Si fuera quien llenara el silencio de ruidos, en ese instante hubiese llenado la atmósfera de timbales secos pero contundentes, como el preludio de una actuación de Kitaro. Y entonces le hubiese sacado a él, el cava de Dominio que me robó la memoria gustativa de aquella noche. Cuvée Prestige. Me anunciaron. “Color amarillo dorado brillante, de burbuja integrada de aromas complejos y sutiles a fruta de hueso y manzana asada, gotas de flor de miel, vainilla, minerales y fondos tostados”. Siempre, creo que te lo he dicho ya antes, me han encantado estas descripciones de los que saben, porque me parecen cuentos (cuentos de verdad, sin el doble sentido de la palabra). Me parecen fábulas que te van metiendo en su historia, llevándote por su mundo. Como hicieron Miguel Ángel y Daniel.
En este caso, el plato dejó todo el protagonismo a la copa. No porque no estuviera a la altura, quizá al contrario (un helado de calabaza y chocolates que ya había probado y que me parecía muy adecuado), sino porque era tan complejo, tan distinto, que captó toda mi atención y me llevó hasta esa profundidad que llega a alcanzar en el paladar. Ese instante en el que el cava deja de serlo para convertirse, como me dijo de nuevo Patiño (Vicente, el buen amigo) otra cosa. Quizá un generoso. Un dulce estallido, como todo aquella noche, lleno de equilibrio y elegancia. Como un poema que quería ser canción de amor y acabó siendo un canto eterno a la memoria. Más allá del adiós.
Que todos vivan Y que todos mueran Hola, amor mío Amor mío, Adiós.Versos de Leonard Cohen
Hubo foto al final. A medida que mi locura y el hechizo se diluían, me fui integrando en la realidad.
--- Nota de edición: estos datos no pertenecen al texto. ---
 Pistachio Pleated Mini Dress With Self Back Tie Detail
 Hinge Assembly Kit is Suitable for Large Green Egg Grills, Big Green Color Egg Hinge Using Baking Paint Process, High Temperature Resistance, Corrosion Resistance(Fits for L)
Rozando de lejos las doce, como en los cuentos, salí de Sucede con el frío por la espalda y las luces del centro iluminando mi sombra. Ella, siempre empeñada en ir a la suya. Al margen de la línea que nos marcan. Cosas de un espía del País de las Gastrosofías que se ha empeñado en vivir las historias del mandil a su manera. Con lo fácil que es seguir el camino… Que me perdonen los eruditos.